2002年07月29日(月)  兄26歳。妹23歳。
妹と食事に行った。
妹と2人で食事に行くなんてそう滅多にあることではないので
滅多に頼むことはないコース料理をオーダーした。
 
「そもそも今日行くなんて約束したか?」
僕は白ワインを飲みながらハンチングをかぶり直してそう言う。
「お兄ちゃん声大きいわよ。言ったじゃない29日に行こうって」
妹は今日買ったばかりだというミュールの紐をしきりに気にしながらそう言う。
「言ってない」
「言った」
「言ってない」
「言った」
兄妹喧嘩なんて場所を変えたからって内容はそう変わり映えするものではない。
 
「あ、お誕生日、おめでとう」
妹はバッグから綺麗にラッピングされたプレゼントをテーブルに出した。
「お。ありがとう。開けていい?」
「そういうのって開けるために買ってるのよ」
ちっ。しばらく話しないうちに一丁前な言い回し使いやがって。
 
それでも僕は嬉しくて、だけど顔は気乗りしない表情をしてラッピングを剥がす。
 
「・・・おい。なんだよこれ」
「ハッピーバースデーだよそれ」
ちっ。しばらく見ないうちに妙な文法の言葉を使いやがる。
 
マイルドセブンライト 1カートン。
 
「誕生日プレゼントに煙草贈るやつなんてあるか。そもそも1カートンって煙草いくつ入ってるんだよ。

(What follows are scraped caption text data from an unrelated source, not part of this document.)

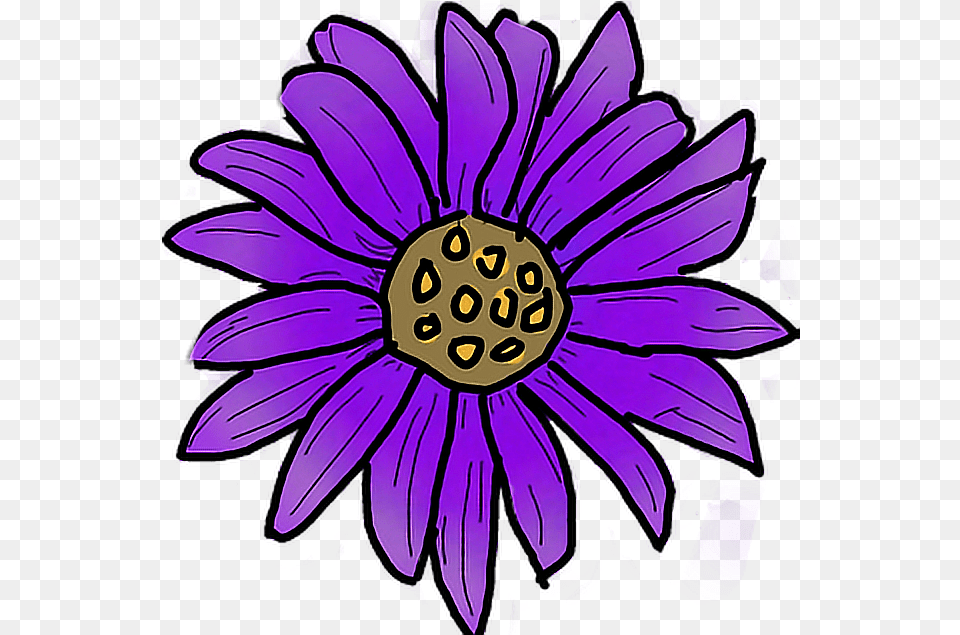 Bunga Purple Rose Clipart Bunga African Daisy Clip Art, Dahlia, Plant, Flower, Graphics Png Image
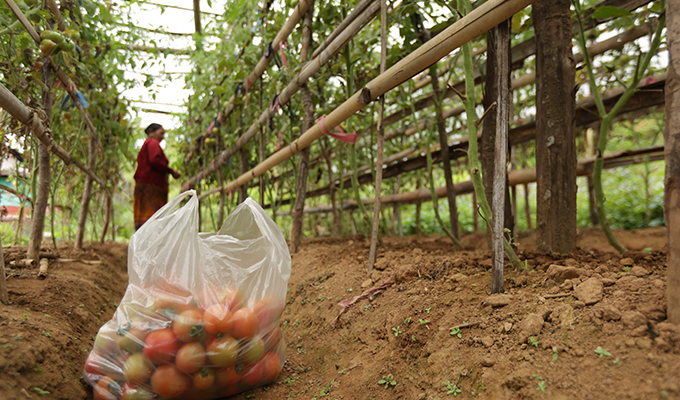 sustainable agriculture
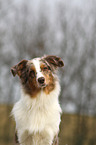 Australian Shepherd Portrait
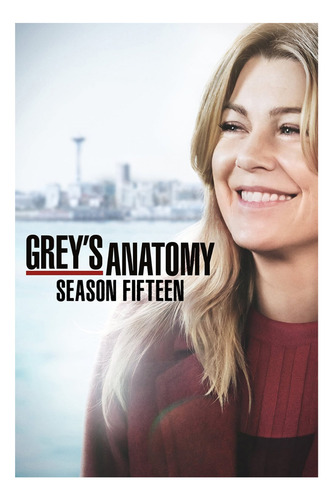 Grey's Anatomy 15ª Temporada Da Série Em Dvd Dub/leg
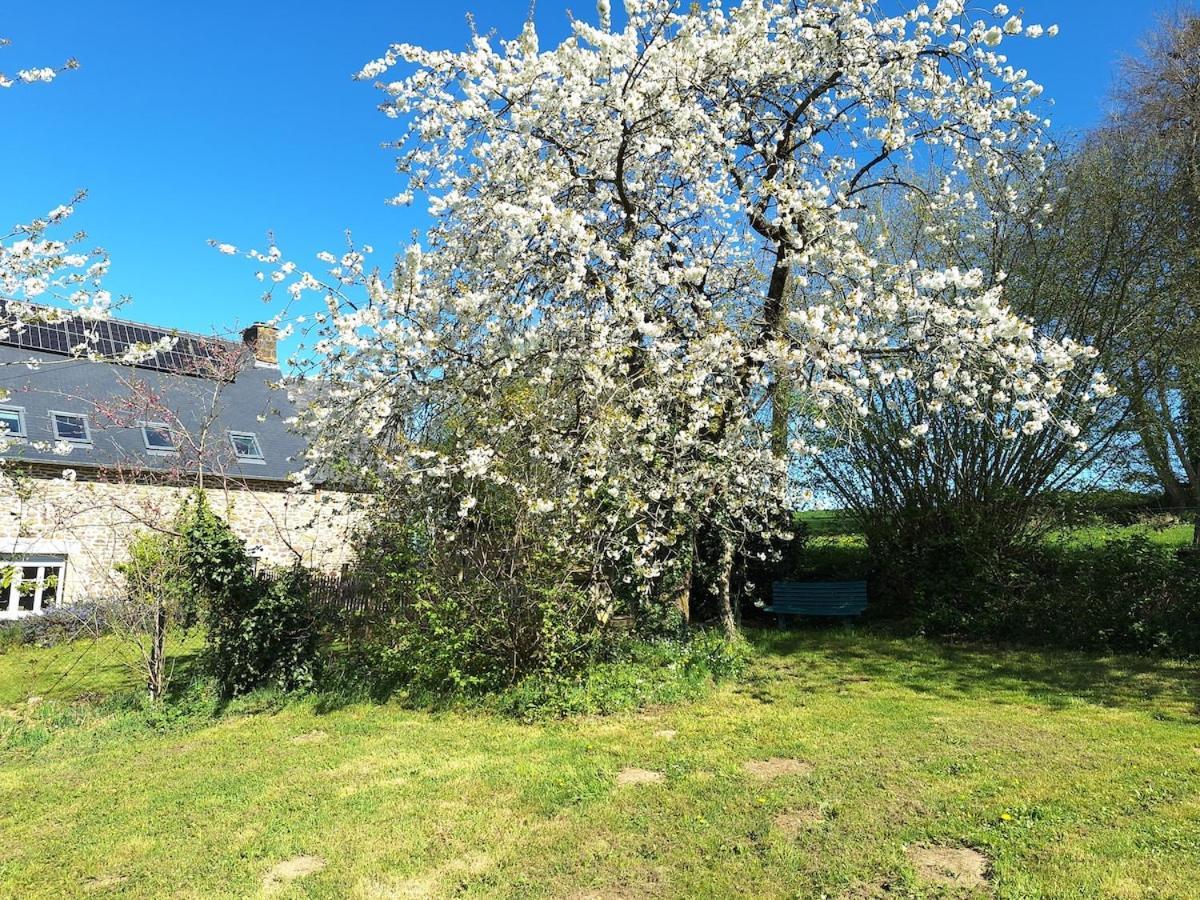 Au Lutin Pomme - Maison De Vacances Bretagne Mellé Dış mekan fotoğraf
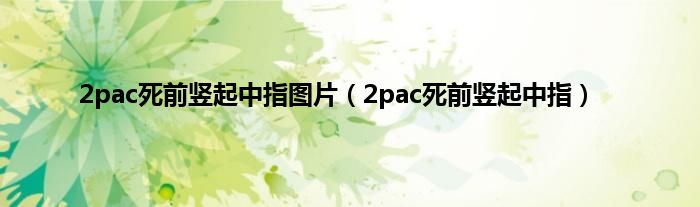 2pac死前竖起中指图片（2pac死前竖起中指）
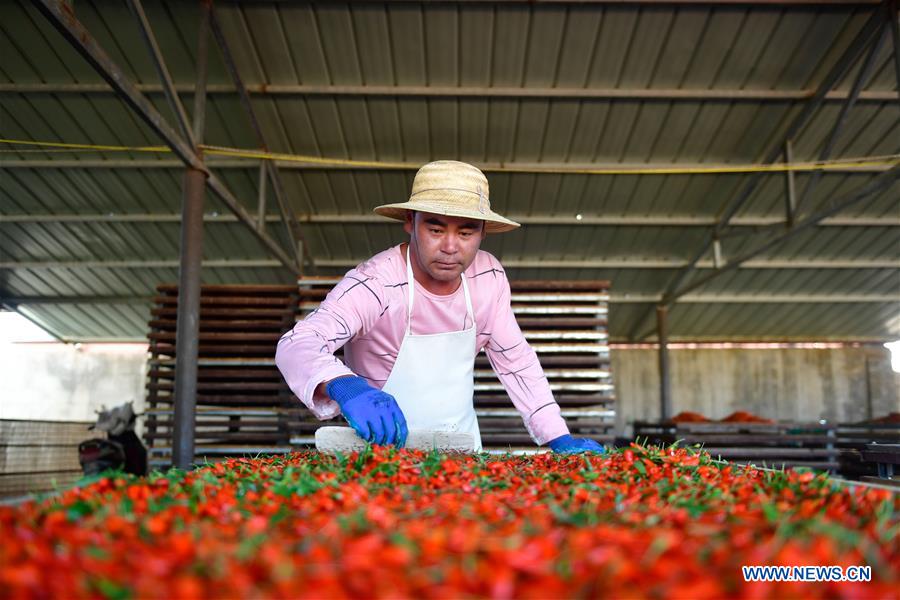 Worker Ma Guishan dries goji berries at Quanshui Village in Delingha, northwest China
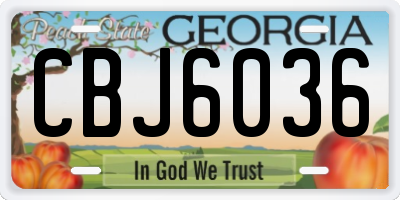 GA license plate CBJ6036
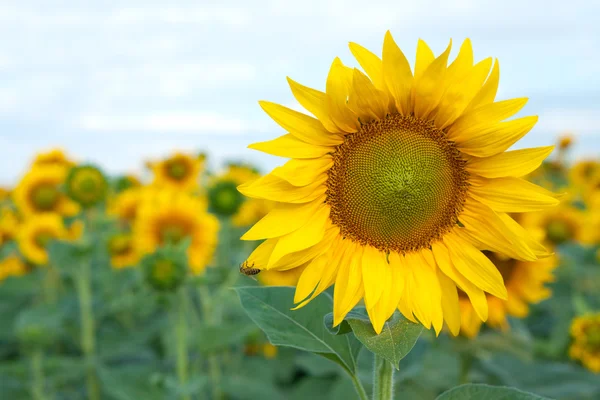 Blühende gelbe Sonnenblume mit einer Biene — Stockfoto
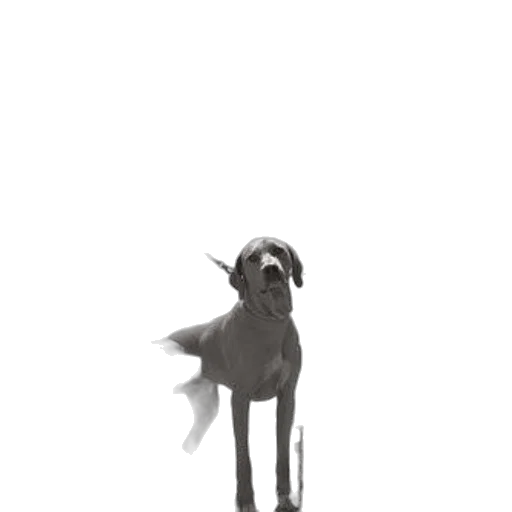 creature, animal, staff, dragon, concept art, 3d render, cartoon, fantasy art transparent PNG cut-out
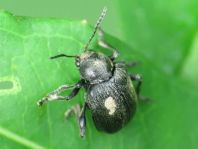 Bromius obscurus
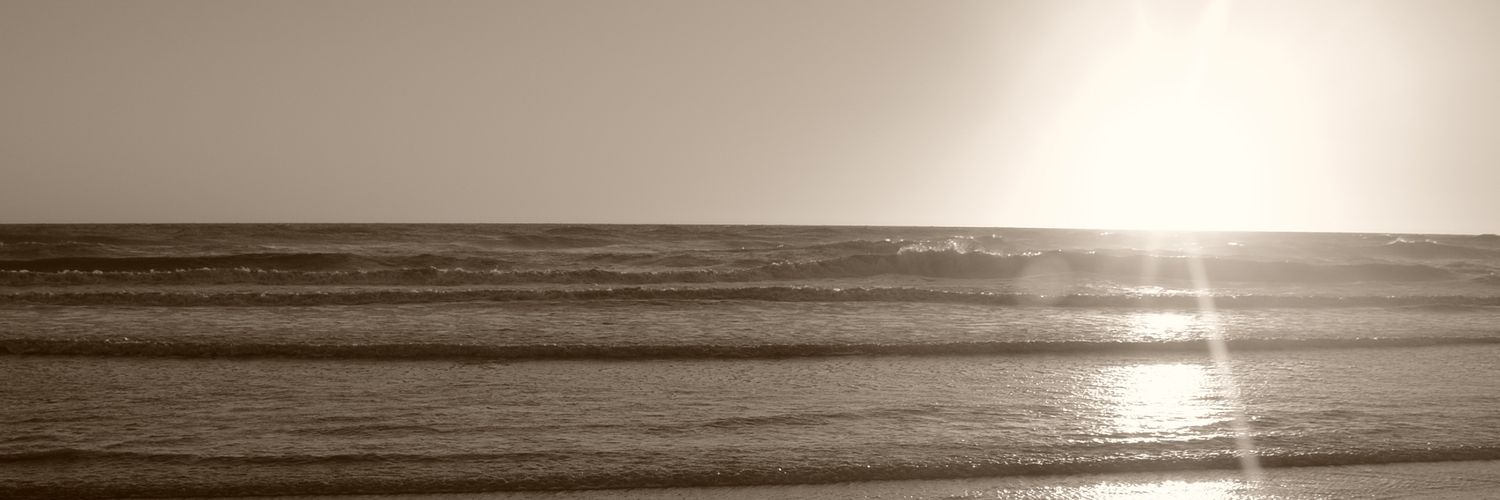elianagus's profile banner image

10個?え?10個ってことは2500円?おい。2500円もするんだったら
もうちょっとましな物買ってくれよ。肺がんで、死んじまうじゃないか」
「美味しいねこれ」
「おい人の話をよく聞けよ僕より先に食うなよしかもそれ鶏肉じゃねぇよサーモンだよ」
「お前の舌はふし穴か」
「お願いだからワケわかんないこと言うなよ言葉の使い方間違えてるよしかもそれ唐辛子じゃねぇよ赤ピーマンだよ」
 
久し振りの兄妹の食事は、実家の食卓とさほど変わらない会話をしながら
あっという間に2時間が過ぎた。
デザートのアイスを食べ(妹は僕の分まで食べた)お勘定をして(僕は妹の分まで払った)
家へ戻った。
 
帰り道「はい、お兄ちゃん。誕生日おめでとう」
慣れないワインを飲んで少し上機嫌になった妹はバッグから小さなプレゼントを取り出した。
 
こういう妙な演出をするところは、僕にそっくりだ。